# Captioned web images:
-=-=-
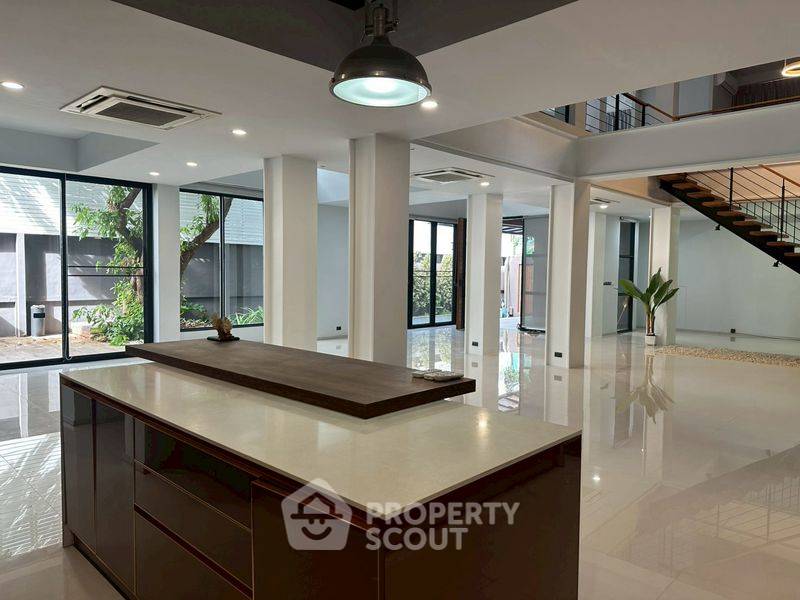 รูป บ้านเช่า 5 ห้องนอน ในกรุงเทพฯ • พื้นที่ 700 ตร.ม. (ID 3041900) - รูปที่ 3/14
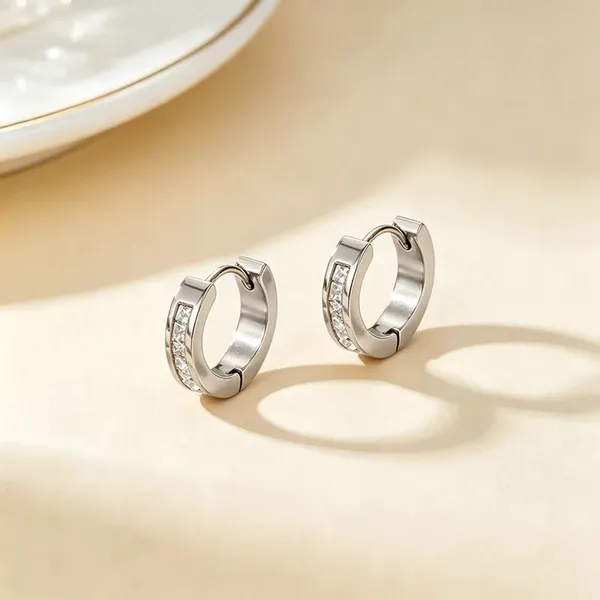Sleek_Classic_Geometric_Circular_Huggie_Hoop_Earrings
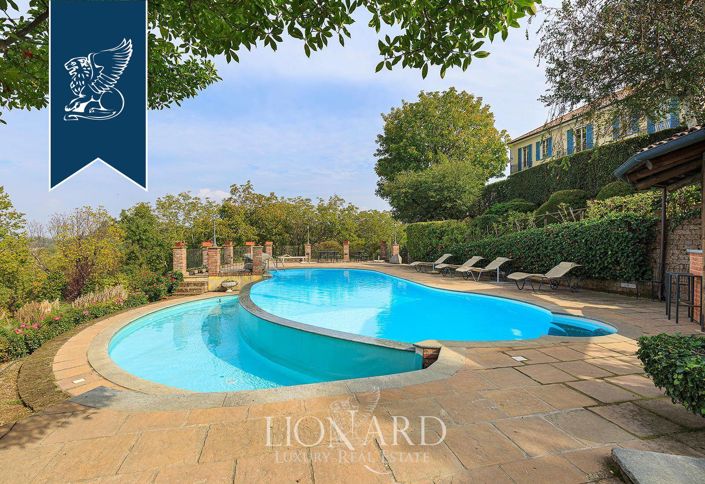 Image No.3-10 Bed Villa for sale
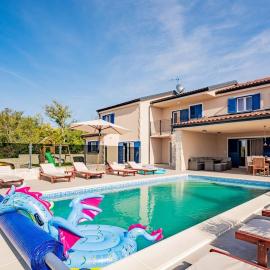 Villa Tatjana Krk by Istriaselect Villas, hotelli kohteessa Kras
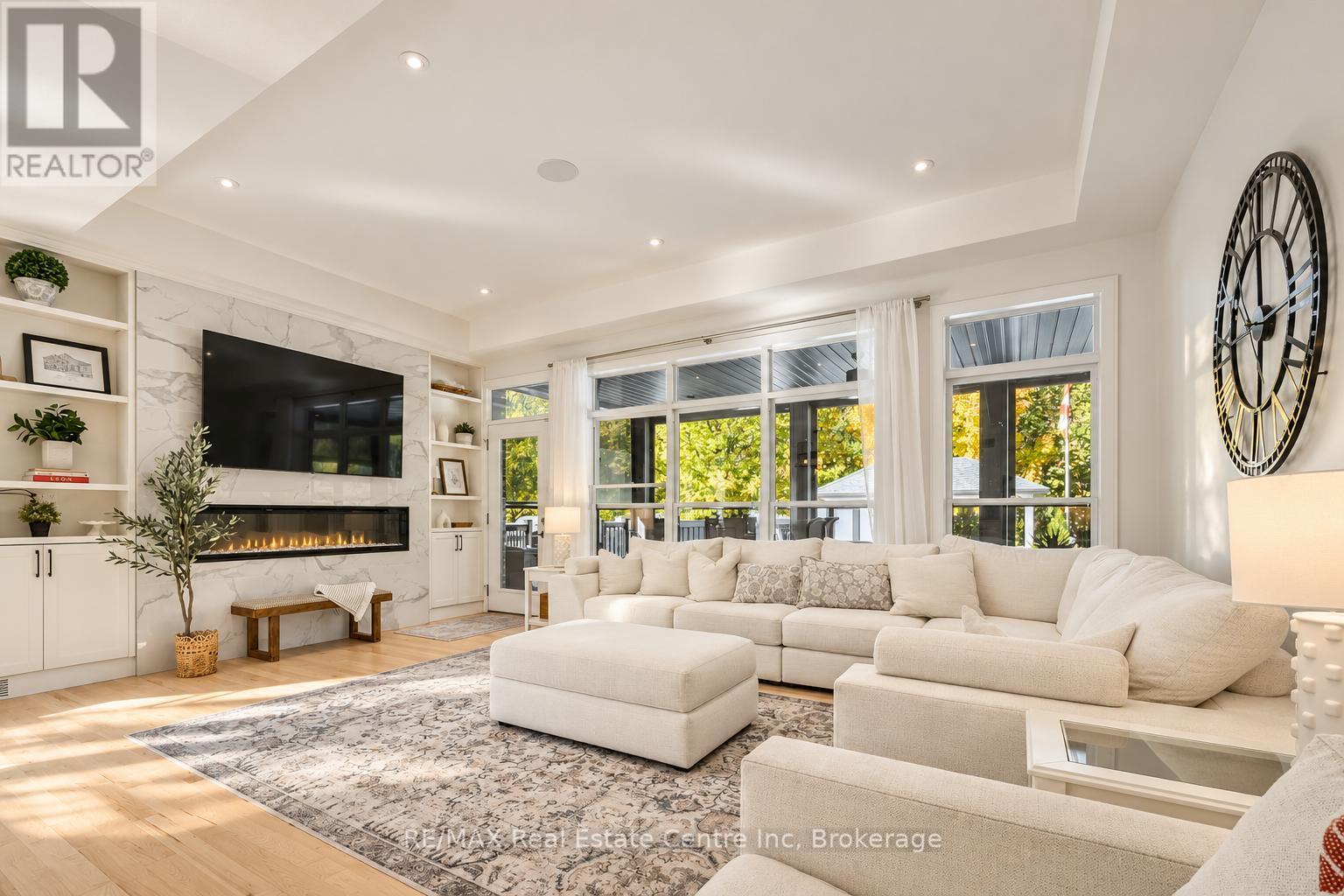 66 WAVERLEY DRIVE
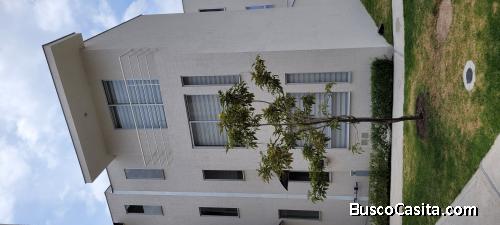 Casa 3 pisos esquinera en Conjunto Portón de Málaga II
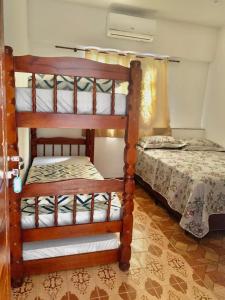 Un pat sau paturi într-o cameră la Casa Sol Ubatuba - Suítes por Temporada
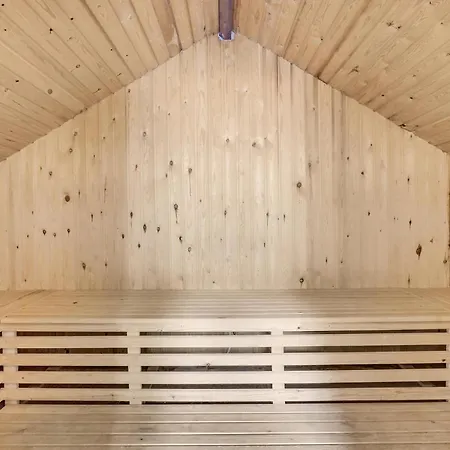 Four-bedroom In Vaggerlose Bøtø By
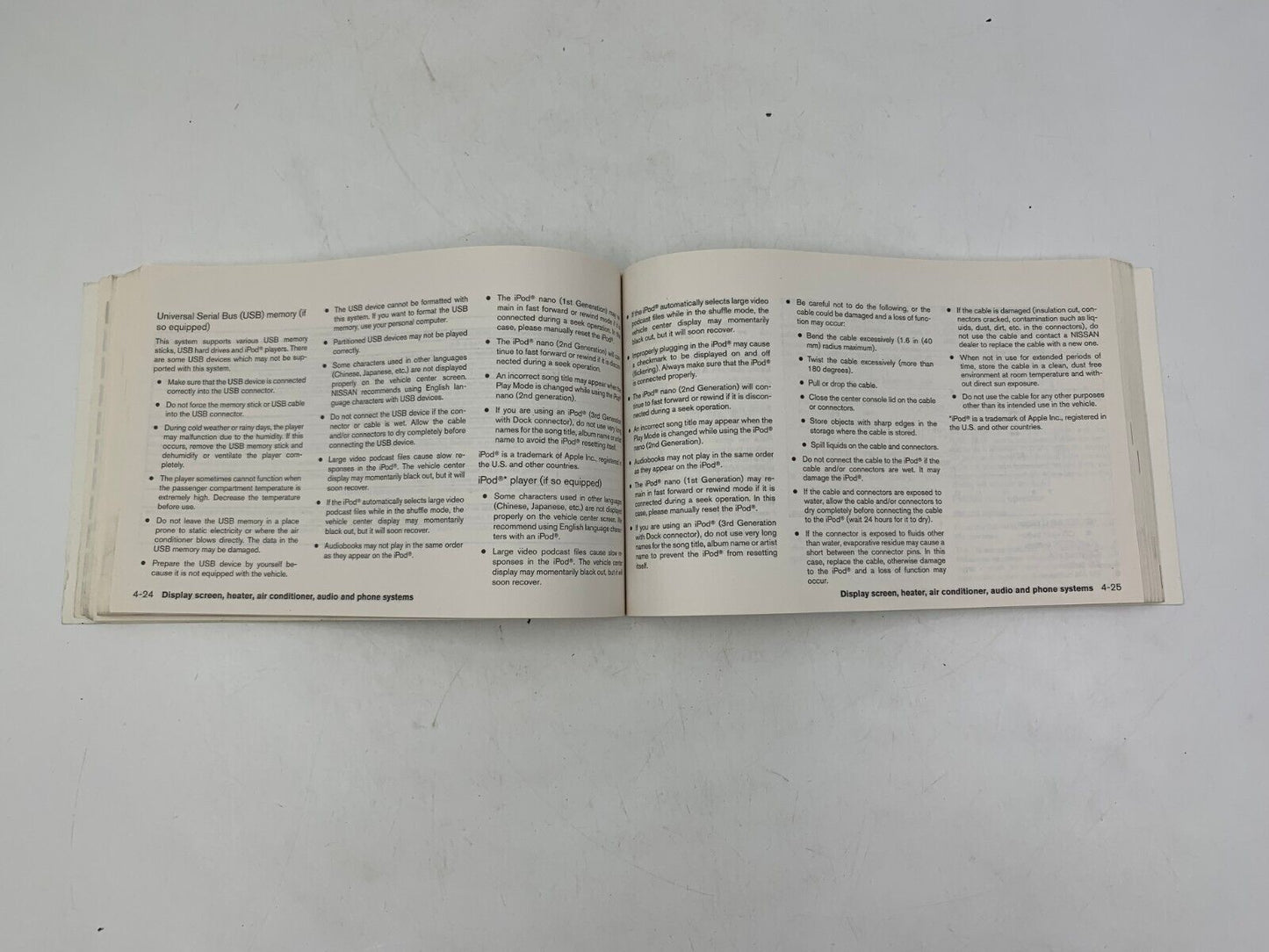 2011 Nissan Versa Owners Manual Handbook OEM A02B22035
-=-=-
# AIM OF THE EXERCISE:
Leave the pictures out, and copy exactly each line from the one containing "Casa 3 pisos" through the final line of the data.

# SOLUTION:
 Casa 3 pisos esquinera en Conjunto Portón de Málaga II
 Un pat sau paturi într-o cameră la Casa Sol Ubatuba - Suítes por Temporada
 Four-bedroom In Vaggerlose Bøtø By
 2011 Nissan Versa Owners Manual Handbook OEM A02B22035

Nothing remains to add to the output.